Se davvero ogni crisi ha in sé pericoli e opportunità, quella dei rifugiati ucraini ne contiene per noi dosi notevoli in egual misura. È impossibile, infatti, non considerare i rischi connessi a un’ondata di profughi senza precedenti nel nostro continente dalla Seconda guerra mondiale in poi. E, tuttavia, sarebbe miope non intravedere il cambio di passo che questo flusso può generare in un quadro paralizzato dai veti quale è, da anni, la politica europea sulle grandi migrazioni. Di fronte a una simile accelerazione della storia, il Consiglio europeo, che in queste ore ha affrontato lo scenario della guerra di Putin quasi in contemporanea con i vertici del G7 e della Nato, s’è ritrovato, enfatizzata nei dossier, una questione a lungo rimossa, che ha da tempo ricadute dirette sul tasso di coesione delle società occidentali e persino sulla tenuta delle nostre democrazie. Il massacro dei civili, coi bombardamenti su scuole e ospedali, ha portato a fuggire dall’Ucraina fra i tre e i quattro milioni di profughi, con proiezioni Ue che prevedono si giunga ai sette milioni, in stragrande maggioranza donne e bambini: in un mese solo da noi ne sono arrivati sessantamila, un numero pari a tutti gli sbarchi in Italia del 2021 che avevano fatto gridare taluni alla ripresa della «immigrazione incontrollata».

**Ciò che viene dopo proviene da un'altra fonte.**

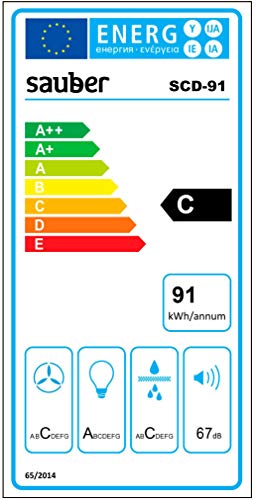 Sauber - Campana Chimenea Succión SCD91 - Ancho: 90cm - Acero inoxidable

Ma la situazione adesso è assai mutata, la mobilitazione internazionale diffusa e la consapevolezza (forse infine raggiunta) che le prime vittime delle guerre sono i civili hanno fatto sì che le braccia restassero (per ora) spalancate all’accoglienza. La differenza più grande riguarda i Paesi del gruppo Visegrad (Polonia, Ungheria, Slovacchia, Repubblica Ceca), i più orientali dell’Unione, i più esposti al pericolo rappresentato da Putin: e i più soggetti all’immenso flusso di rifugiati. Sarebbero loro i primi a patire gli effetti del regolamento di Dublino, che vincola il migrante al Paese d’arrivo (e alla cui riforma si sono sempre opposti quando noi la invocavamo). Sarebbero loro a trovarsi in condizioni assai peggiori delle nostre durante le crisi generate dalle cosiddette primavere arabe degli anni Dieci, se l’Unione non avesse attivato, per la prima volta dalla sua emanazione, la direttiva 2001/55, creata proprio per affrontare afflussi massicci di cittadini stranieri che non possano rientrare nei loro Paesi, soprattutto a causa di guerre, violenze o violazioni dei diritti umani. Con essa si attribuisce agli ucraini una protezione temporanea (ora di un anno, ma si arriverà a tre) grazie alla quale è possibile muoversi, lavorare, ottenere servizi in tutto il territorio Ue: un provvedimento che di fatto sospende per loro gli effetti del regolamento di Dublino.